With a $1.3 million price tag to install, the fountain debuted in 2007, filling a gap between 21st and 22nd streets with the widening of Interstate 4.
It was built 261 feet long, 110 feet wide and 18 inches deep, holding 320,000 gallons of chlorinated water. Around it are old-school decorative streetlights, a nod to the historic neighborhood in which it sits.
Other suggestions for filling the space at the time were parking — deemed unsafe given the heavy surrounding traffic —and green space, thought dubious because of all the shade from the highway.
“Obviously, the dominoes (the fountain) created wasn’t even in the thoughts,” Duncan said.
Concerns about high maintenance costs quickly surfaced. When it had to be drained, it became a magnet for litter. Despite the imposing fence, homeless people have used it as a public bathroom. Tampa Police have been there on a regular basis, Duncan said. And it’s now considered a safety hazard.
Today city officials “think there may be a more cost-effective way to spend public money and more sensible and appealing use of public space,” said city spokesperson Adam Smith.
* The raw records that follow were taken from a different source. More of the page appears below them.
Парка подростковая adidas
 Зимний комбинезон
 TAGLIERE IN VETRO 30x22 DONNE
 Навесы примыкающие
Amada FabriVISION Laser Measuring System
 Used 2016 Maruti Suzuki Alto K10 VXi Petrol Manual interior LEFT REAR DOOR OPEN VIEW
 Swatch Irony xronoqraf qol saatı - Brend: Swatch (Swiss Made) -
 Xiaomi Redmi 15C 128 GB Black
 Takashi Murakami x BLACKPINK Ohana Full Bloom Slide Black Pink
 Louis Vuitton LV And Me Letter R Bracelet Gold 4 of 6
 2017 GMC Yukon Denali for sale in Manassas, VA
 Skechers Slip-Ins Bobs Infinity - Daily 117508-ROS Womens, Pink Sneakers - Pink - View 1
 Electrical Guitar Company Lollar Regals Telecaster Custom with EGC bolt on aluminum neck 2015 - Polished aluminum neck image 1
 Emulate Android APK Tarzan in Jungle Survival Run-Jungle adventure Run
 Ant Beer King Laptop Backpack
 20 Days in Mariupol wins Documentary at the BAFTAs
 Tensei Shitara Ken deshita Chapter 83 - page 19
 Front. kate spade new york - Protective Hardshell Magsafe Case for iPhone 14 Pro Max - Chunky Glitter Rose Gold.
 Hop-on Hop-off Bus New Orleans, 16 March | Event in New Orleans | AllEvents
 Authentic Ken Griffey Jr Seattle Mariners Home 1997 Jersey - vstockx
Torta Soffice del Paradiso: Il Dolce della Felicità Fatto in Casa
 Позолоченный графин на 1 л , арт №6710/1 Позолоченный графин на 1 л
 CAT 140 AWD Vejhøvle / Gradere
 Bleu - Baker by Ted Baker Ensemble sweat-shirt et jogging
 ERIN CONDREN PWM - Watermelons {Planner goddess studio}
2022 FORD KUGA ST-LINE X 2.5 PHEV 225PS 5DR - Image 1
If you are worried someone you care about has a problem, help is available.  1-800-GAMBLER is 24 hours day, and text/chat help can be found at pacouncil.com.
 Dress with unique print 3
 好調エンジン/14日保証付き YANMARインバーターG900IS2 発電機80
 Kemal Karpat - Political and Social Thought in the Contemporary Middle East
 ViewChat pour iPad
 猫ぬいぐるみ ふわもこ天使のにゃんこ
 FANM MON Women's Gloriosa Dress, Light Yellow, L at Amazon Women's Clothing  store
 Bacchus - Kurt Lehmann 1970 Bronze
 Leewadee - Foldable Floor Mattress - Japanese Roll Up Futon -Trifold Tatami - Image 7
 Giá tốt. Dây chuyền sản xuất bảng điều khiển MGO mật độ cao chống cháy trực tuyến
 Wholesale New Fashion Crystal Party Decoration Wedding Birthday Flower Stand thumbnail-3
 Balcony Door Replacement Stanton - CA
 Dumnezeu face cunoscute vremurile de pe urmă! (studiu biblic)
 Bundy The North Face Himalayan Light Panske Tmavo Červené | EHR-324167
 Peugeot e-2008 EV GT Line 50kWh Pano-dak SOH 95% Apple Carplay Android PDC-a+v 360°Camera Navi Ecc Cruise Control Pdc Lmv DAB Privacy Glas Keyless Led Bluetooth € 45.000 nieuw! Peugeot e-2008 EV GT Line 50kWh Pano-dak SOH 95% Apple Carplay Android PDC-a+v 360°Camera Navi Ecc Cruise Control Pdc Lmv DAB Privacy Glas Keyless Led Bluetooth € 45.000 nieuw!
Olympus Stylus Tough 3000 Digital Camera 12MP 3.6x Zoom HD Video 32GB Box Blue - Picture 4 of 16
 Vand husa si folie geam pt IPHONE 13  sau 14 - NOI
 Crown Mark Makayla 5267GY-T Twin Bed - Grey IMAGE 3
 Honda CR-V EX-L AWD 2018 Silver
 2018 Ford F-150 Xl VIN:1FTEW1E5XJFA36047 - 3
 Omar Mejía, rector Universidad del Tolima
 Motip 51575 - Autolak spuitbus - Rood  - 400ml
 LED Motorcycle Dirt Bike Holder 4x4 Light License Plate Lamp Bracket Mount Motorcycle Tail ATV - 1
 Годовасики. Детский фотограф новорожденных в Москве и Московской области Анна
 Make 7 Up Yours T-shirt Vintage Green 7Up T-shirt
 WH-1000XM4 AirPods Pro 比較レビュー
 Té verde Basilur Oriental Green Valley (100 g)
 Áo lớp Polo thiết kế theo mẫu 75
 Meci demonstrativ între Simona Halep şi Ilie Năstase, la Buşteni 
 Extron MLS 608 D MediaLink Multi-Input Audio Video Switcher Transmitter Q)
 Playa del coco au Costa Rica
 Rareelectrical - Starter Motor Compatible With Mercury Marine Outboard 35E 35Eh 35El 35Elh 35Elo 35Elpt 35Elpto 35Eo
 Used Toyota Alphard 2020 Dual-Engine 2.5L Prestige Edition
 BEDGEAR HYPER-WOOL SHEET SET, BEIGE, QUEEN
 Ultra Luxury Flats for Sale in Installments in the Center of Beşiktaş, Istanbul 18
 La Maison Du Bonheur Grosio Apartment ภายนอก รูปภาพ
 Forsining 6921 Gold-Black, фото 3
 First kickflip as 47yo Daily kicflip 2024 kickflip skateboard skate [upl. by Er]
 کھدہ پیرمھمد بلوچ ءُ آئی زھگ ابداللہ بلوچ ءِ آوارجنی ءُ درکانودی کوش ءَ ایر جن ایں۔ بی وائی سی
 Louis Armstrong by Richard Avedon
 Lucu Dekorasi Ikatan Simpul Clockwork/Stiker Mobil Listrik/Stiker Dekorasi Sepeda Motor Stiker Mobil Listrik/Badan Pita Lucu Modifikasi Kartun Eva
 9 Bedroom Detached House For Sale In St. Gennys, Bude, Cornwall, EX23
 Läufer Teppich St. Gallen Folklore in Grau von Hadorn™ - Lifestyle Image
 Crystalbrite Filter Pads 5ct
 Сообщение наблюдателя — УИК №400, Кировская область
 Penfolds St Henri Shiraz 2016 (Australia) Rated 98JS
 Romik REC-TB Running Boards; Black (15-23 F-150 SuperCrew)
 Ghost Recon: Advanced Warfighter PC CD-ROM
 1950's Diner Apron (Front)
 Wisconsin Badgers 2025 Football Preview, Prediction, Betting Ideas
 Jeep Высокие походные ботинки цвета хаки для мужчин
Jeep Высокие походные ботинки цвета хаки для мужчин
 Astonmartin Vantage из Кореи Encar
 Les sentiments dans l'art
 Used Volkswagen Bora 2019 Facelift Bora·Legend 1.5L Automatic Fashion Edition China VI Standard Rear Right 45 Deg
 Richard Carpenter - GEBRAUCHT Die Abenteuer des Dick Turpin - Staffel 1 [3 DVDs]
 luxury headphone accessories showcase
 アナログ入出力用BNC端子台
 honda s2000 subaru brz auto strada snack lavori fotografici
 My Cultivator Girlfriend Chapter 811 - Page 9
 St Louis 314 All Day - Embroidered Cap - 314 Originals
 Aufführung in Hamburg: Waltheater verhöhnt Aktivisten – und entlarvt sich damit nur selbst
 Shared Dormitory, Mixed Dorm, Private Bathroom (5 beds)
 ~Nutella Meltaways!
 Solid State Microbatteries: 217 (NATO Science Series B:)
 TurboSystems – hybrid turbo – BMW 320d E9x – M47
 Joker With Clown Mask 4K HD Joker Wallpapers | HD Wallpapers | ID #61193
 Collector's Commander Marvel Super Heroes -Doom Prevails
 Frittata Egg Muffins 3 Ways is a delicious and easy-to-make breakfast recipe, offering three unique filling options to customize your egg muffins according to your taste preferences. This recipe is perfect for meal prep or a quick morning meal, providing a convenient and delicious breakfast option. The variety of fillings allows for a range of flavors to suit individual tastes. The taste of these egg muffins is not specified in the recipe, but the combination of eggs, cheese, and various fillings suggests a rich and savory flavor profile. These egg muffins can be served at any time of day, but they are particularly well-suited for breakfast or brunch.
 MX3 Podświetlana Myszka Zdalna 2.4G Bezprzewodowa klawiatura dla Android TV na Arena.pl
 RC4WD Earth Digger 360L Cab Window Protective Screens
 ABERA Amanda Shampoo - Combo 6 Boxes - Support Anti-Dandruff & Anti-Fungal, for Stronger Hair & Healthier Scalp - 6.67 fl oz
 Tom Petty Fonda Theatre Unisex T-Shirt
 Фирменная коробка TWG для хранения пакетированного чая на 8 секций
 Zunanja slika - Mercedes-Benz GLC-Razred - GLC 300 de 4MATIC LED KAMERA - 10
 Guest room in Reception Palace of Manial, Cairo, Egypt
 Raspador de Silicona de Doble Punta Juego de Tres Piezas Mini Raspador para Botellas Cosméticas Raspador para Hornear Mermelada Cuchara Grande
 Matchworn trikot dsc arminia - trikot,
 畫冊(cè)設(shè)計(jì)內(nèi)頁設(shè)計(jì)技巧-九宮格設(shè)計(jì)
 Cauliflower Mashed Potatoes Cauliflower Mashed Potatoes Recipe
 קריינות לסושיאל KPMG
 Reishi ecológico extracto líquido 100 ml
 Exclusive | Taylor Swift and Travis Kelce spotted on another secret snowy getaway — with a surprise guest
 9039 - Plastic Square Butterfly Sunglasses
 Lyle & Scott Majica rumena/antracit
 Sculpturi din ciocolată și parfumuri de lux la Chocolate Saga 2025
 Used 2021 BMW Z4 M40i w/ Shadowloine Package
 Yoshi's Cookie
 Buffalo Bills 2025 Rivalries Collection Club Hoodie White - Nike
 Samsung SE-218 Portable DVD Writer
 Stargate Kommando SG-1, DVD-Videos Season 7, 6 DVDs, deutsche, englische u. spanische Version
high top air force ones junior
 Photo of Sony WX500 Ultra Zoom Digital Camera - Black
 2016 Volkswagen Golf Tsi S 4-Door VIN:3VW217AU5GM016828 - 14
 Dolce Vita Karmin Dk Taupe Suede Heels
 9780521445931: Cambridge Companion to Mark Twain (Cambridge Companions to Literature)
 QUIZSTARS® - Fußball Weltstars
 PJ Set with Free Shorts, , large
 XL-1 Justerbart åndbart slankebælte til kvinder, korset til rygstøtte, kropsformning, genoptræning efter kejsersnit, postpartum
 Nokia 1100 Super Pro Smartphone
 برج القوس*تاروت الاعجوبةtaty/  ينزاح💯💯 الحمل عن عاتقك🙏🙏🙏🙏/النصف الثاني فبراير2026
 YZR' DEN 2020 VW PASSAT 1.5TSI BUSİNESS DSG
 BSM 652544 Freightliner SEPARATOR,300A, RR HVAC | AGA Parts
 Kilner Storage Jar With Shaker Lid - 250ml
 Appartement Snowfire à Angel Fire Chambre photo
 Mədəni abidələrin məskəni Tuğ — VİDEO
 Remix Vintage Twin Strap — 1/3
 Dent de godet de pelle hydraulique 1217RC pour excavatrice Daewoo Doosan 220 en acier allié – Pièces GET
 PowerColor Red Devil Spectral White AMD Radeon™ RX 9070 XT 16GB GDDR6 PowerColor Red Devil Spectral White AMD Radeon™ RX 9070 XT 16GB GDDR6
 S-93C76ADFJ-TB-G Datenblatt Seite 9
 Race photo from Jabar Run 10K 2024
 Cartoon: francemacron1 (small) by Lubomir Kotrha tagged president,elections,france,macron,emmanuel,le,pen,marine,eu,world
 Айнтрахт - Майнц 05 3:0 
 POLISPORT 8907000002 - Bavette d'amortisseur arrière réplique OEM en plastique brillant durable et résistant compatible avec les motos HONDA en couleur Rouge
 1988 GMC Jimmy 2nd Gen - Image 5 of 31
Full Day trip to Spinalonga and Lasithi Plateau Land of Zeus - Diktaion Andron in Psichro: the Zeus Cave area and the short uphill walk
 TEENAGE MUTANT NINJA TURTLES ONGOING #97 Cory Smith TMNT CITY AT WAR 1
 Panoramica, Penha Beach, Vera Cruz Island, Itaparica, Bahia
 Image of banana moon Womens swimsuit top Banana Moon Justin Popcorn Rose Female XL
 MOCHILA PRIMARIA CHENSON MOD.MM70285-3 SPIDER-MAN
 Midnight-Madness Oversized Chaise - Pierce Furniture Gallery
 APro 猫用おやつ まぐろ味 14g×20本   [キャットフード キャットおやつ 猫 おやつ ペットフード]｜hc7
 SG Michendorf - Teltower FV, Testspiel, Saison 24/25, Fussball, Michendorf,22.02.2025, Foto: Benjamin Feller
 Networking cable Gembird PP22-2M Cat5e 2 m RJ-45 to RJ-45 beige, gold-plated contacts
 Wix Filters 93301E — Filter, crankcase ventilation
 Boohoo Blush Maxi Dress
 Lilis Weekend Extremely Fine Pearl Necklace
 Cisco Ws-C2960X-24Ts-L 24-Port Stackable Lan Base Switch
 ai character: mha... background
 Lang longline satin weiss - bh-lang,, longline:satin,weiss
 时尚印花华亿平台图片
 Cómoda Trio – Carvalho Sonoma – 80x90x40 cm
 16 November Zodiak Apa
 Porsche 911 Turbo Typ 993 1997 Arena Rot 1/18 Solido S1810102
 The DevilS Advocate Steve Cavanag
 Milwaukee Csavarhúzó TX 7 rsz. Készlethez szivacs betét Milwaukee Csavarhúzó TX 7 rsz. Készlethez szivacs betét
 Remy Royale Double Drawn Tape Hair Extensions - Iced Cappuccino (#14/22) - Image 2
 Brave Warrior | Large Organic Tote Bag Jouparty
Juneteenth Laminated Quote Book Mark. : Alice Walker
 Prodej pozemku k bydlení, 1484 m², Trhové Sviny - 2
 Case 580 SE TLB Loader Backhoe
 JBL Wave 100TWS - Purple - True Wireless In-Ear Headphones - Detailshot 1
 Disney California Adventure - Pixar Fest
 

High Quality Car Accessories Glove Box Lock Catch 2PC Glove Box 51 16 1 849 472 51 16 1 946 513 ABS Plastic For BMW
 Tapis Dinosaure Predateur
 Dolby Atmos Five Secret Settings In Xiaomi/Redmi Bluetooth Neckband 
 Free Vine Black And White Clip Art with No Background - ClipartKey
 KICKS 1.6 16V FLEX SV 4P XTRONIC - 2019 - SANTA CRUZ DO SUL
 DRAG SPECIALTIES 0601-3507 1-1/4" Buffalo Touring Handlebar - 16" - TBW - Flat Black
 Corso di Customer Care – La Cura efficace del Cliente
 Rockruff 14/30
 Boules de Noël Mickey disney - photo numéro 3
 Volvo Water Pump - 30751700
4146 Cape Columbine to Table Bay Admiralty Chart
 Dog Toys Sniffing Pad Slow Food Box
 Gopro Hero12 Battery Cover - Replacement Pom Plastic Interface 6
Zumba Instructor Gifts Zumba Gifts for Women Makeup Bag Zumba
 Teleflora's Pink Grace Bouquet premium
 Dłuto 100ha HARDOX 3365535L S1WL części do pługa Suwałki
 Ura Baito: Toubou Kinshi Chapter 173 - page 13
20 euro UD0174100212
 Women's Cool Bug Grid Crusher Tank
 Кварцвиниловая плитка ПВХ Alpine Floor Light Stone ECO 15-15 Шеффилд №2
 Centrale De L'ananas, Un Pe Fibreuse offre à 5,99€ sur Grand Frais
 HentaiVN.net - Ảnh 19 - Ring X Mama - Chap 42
The city is “hoping to work with community members, state transportation officials and other stakeholders to rethink that fountain,” he said.
The parks department will connect with residents for input, Duncan said. Public art, landscaping and benches are all possibilities, she said.
Smith said they’re hoping to have “an alternative concept” by the end of the year, and Duncan expects they’ll be working on the project a year from now.
Residents from surrounding neighborhoods will likely have plenty of thoughts.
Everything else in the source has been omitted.